§ **Data items**:
====

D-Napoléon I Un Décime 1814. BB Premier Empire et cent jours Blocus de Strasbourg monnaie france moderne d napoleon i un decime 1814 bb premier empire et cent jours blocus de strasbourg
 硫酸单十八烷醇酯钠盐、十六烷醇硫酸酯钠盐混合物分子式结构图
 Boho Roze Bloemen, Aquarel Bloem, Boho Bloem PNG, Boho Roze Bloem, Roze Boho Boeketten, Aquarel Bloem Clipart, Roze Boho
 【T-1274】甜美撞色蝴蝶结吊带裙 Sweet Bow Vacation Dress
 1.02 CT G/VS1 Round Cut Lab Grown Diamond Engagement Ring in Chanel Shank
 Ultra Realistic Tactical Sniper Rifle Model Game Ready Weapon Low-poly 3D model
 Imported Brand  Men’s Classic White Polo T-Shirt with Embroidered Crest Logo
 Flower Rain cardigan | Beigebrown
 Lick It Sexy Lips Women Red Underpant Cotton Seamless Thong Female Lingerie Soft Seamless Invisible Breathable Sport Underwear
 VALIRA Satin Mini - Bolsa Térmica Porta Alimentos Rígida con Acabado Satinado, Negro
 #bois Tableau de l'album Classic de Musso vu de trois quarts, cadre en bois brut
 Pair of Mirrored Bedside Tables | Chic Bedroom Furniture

====

§ **Exercise**: Set apart and copy each line of the records that holds the word "Classic".

§ **Written solution**:
 Imported Brand  Men’s Classic White Polo T-Shirt with Embroidered Crest Logo
 #bois Tableau de l'album Classic de Musso vu de trois quarts, cadre en bois brut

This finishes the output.